One of the most fascinating thing to me in this story is how it intersects with sports. Don Imus has said much worse about politicians and reporters and gotten away with it for years. Indeed, there are precious few reporters and public figures who dared to ignore his show because of its place in the insider media food chain. But this first time — as far as I can tell — he personally attacked sports figures in this way he gets fired. Much of the discussion and the news I heard about Imus I heard through sports shows and sports talk radio. I don’t think its an exaggeration to say that millions more people heard his comments and about the uproar because of sports talk. I have to believe that it had an effect on the outcome. The more people who hear about the affair, the more people there were to put pressure on the sponsors. Rush Limbaugh went through a similar event. He made a racist comment about Donovan McNabb on ESPN and was fired. That comment was mild compared to some of the racist remarks he has made in the past, but it was that remark that caused him to lose a job and that remark that is the one I hear most often when his racist past is brought up.
What does this tell us about sports and our country?
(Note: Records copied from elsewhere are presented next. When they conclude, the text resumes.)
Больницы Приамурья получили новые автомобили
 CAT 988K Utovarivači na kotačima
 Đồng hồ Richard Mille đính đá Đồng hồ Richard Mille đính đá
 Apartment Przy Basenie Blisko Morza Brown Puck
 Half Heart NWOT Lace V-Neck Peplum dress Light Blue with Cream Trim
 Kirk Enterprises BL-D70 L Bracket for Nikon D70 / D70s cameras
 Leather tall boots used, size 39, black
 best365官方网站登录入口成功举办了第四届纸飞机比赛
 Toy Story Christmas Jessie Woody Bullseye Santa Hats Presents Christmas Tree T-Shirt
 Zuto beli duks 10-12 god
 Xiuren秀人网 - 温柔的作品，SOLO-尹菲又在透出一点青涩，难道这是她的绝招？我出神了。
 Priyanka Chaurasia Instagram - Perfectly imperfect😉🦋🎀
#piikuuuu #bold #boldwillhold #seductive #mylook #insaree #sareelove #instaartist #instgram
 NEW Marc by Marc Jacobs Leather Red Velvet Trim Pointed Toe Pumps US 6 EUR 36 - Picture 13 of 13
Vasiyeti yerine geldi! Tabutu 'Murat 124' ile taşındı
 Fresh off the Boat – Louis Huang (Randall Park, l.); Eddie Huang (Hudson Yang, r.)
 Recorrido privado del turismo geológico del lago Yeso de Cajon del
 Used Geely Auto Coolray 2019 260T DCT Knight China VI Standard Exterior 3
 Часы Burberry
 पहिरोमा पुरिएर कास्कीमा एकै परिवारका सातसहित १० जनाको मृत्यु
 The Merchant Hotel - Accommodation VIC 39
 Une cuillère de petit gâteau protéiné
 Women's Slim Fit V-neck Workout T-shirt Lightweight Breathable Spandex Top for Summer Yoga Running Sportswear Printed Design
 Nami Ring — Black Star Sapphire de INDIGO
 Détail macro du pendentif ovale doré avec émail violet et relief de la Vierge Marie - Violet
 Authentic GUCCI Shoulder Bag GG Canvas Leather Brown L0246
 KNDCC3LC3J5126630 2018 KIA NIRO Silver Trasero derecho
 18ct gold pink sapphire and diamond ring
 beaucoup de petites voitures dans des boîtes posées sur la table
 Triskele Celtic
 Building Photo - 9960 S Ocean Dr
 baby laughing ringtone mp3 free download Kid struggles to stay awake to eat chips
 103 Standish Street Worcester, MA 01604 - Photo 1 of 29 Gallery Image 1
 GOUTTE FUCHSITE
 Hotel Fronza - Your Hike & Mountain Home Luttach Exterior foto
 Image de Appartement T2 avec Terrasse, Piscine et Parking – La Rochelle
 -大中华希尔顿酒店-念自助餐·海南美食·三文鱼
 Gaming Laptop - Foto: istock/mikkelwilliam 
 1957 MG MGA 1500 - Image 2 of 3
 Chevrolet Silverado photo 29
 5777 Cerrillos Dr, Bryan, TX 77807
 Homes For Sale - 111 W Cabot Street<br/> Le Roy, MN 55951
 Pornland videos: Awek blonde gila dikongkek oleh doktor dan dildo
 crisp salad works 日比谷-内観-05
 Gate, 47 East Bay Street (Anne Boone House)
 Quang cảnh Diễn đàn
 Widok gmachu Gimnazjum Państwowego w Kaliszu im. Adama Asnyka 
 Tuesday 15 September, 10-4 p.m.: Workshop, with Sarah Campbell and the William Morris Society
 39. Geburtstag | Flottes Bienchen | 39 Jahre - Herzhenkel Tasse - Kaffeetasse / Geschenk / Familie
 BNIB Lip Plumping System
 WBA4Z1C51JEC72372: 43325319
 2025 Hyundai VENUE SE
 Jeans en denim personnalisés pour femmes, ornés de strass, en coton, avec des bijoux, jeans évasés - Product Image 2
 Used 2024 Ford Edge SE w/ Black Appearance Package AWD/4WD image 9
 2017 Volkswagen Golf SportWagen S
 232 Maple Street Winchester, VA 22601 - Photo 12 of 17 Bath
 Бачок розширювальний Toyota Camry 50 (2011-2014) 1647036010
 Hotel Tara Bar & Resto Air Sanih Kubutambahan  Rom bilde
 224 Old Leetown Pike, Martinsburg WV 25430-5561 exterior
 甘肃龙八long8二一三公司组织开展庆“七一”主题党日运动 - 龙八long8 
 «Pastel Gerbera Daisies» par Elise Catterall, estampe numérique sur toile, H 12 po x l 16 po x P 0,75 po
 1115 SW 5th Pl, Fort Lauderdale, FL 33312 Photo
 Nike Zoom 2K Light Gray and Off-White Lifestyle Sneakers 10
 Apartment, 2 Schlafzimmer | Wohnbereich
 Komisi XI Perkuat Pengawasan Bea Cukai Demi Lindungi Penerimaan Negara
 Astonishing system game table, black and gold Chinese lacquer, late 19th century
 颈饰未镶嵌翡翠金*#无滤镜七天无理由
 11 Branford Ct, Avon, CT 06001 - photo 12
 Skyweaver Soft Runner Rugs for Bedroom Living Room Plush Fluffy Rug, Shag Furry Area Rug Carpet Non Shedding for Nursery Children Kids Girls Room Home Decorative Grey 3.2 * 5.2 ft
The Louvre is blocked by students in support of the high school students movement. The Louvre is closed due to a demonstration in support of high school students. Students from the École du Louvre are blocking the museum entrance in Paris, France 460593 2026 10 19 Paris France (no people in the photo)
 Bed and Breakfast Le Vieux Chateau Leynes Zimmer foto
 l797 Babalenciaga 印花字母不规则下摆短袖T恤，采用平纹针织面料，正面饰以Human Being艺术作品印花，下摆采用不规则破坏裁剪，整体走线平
I suspect that it means nothing more than that sports is the one area where we still share a largely common culture in this country and that we, as a society, pay far, far more attention to sports than we do to journalism or politics. But it might also mean that sports — with it’s clearly measurable objectives and obvious markers of success — is the one are of our culture where racism’s inherent idiocy is most clearly revealed. It is easy, sometimes, for people not to see the effects of racism, to argue that minorities aren’t discriminated against in the real world, that they just don’t work hard enough. No one with a brain, though, could argue that the Rutgers players hadn’t worked hard and didn’t belong where they found themselves. No one could argue that Donovan McNabb wasn’t one of the league’s best quarterbacks or that he had gotten where he was because of some weird quarterback affirmative action. Sports fans expect their games to be honest and reflect of actual effort and ability. When someone implies the opposite, the fallacy is obvious and jarring in a way that it isn’t in almost any other activity.
Baseball is celebrating Jackie Robinson today. I have heard people say that Jackie Robinson the baseball player (the distinction matters; Jackie Robinson the man, it is often forgotten, was a tireless champion for civil rights from the day of his retirement to the day of his death) was the most important civil rights leader the country ever had. I used to think that was a ludicrous exaggeration. I still don’t believe it, but I think it’s a lot closer to the truth than I had believed.